Also, you can assign a single number to entire parts of Numpy matrices: my_matrix[2:5, 3:7] = 13 this will assign 13 to all the elements in the specified part of my_matrix.
Remember to convert width * percentage to int, you can’t use floats as indices.
b. Now you need the (x, y) coordinates of each white point (because those are the points that are part of the road markings) in each of the 2 halves of the frame. So in the end you need to have these variables:
You can either do this by iterating over the image with a couple for-loops and storing the (x, y) (or (col, row)) coordinates. Remember that you need to have the coordinates of white points in the left and right halves of the image separately.
OR…
Instead of doing it “by hand” using for loops which are slow) you can use np.argwhere.
Argwhere returns a Numpy array with the indices of the elements you are asking for:
In this example we have an array, x, and we want the indices of all the positions in that that are >1.
As you can see, np.argwhere returns an array where every row contains the coordinates of a position in the initial matrix where the corresponding element satisfied our condition (x>1).
The coordinates are in the form (row, col), which means the form of (y, x).
To use np.argwhere in this exercise you will probably need to use slicing to separate the frame into the 2 halves and call np.argwhere on each half to get the coordinates of the points for each half
(WARNING: np.argwhere gives the coordinates as (y, x) not (x, y)).
Also since you are creating a new array from the right side of the image, the first pixel on the right side, which had x = width//2 in the original frame, now has x = 0 as it is the first pixel in its row. Hence you will need to add something like width//2 to each x coordinate in the right half.
After you get the coordinates (in any of the 2 ways presented, loops or np.argwhere) you need to separate the x and y coordinates into 2 different arrays (if you placed them in a list by using the first method then construct a Numpy array from that list by using np.array(my_list)).
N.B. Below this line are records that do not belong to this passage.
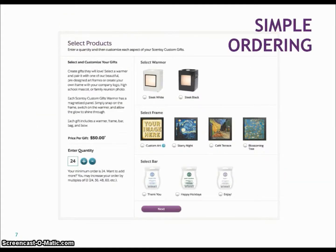And it's simple ordering. Basically you'll go to the website — I will put all the links down below along with any more information I can think of. You enter your quantity; the minimum is 24, and they are $50 each. You'll select your warmer color — it comes in sleek white or sleek black. Then you'll select your frame: either create your own custom frame or choose one of the Van Gogh frames. Then you'll choose which bar you want to accompany your warmer.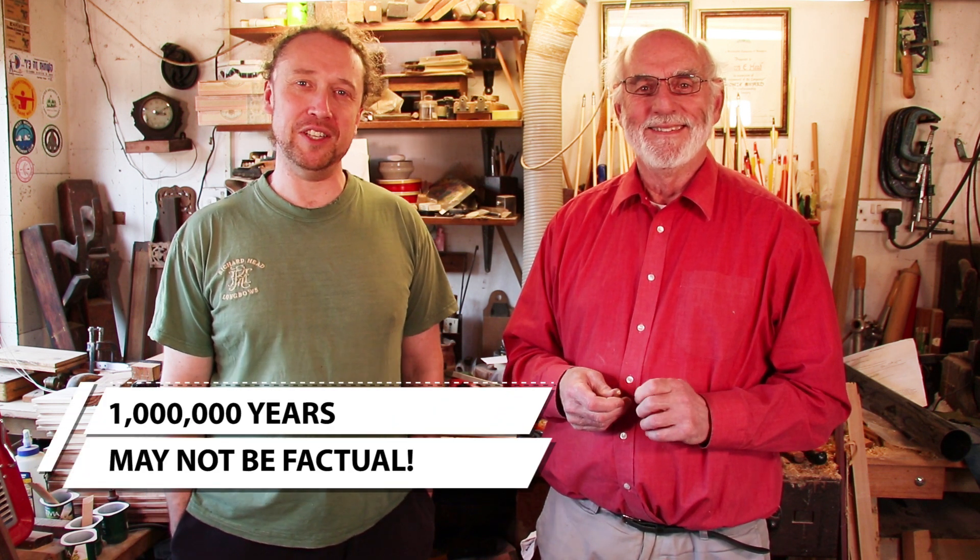Hello folks and welcome to another Richard Head Longbows video, the channel that helps you make bows and arrows using our combined experience of a million years in making bows and arrows professionally.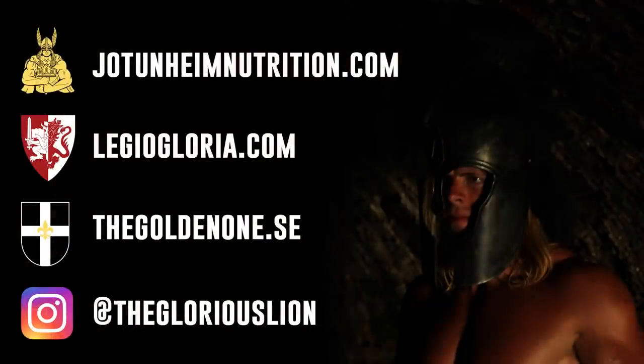For all German guys, stay tuned. You can also follow Jutenheim Nutrition's Instagram — I'll link it below. I don't only post about supplements, I also post about mythology, both Nordic and European. Anyway, I will eat this fine salad now and I will see you in the next video. Thank you for watching. XXO, BOOM! Let's go.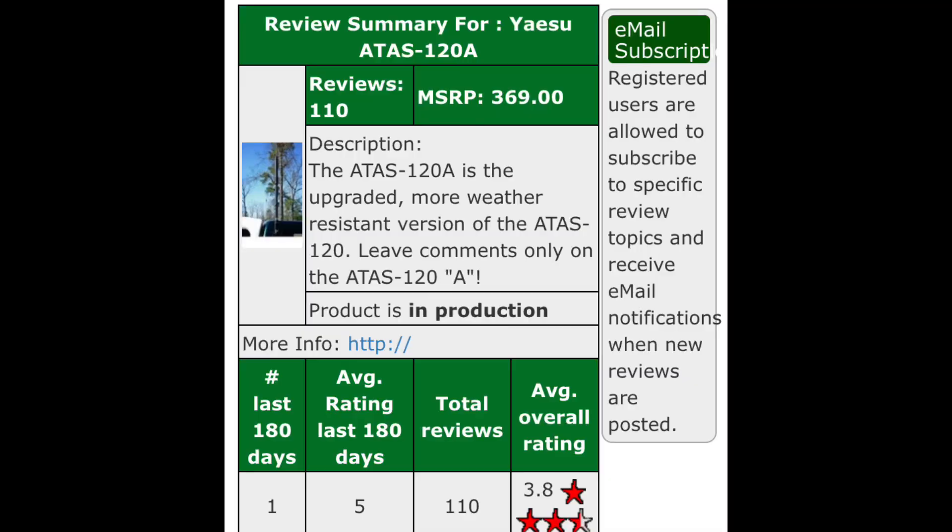A lot of people have mixed feelings about the ATAS — it's a bit of a Marmite antenna. Some people love it, some people don't like it at all. Looking at the eham reviews, bearing in mind they should be taken with a pinch of salt, it's getting quite an average mark across a lot of reviews. You'll need very good grounding and bonding; you won't really be able to use it on a mag mount. You might get away with it from 20 meters and up, but for 40 meters any of these screwdriver antennas need an excellent installation.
Whatever method you choose (loops or np.argwhere) you need to end up with 4 variables:
i. The X coordinates of the white points on the left side of the frame
ii. The Y coordinates of the white points on the left side of the frame
iii. The X coordinates of the white points on the right side of the frame iv. The Y coordinates of the white points on the right side of the frame
10. Find the lines that detect the edges of the lane!
Next we will find the lines that best fit the lane markings we have found.
A simple way to do this is for each half of the screen to just find the line that best passes through all the white points on that half of the screen.
Finding the line that best passes trough some set of points is called regression.
Don’t worry, we will not be doing the math behind it.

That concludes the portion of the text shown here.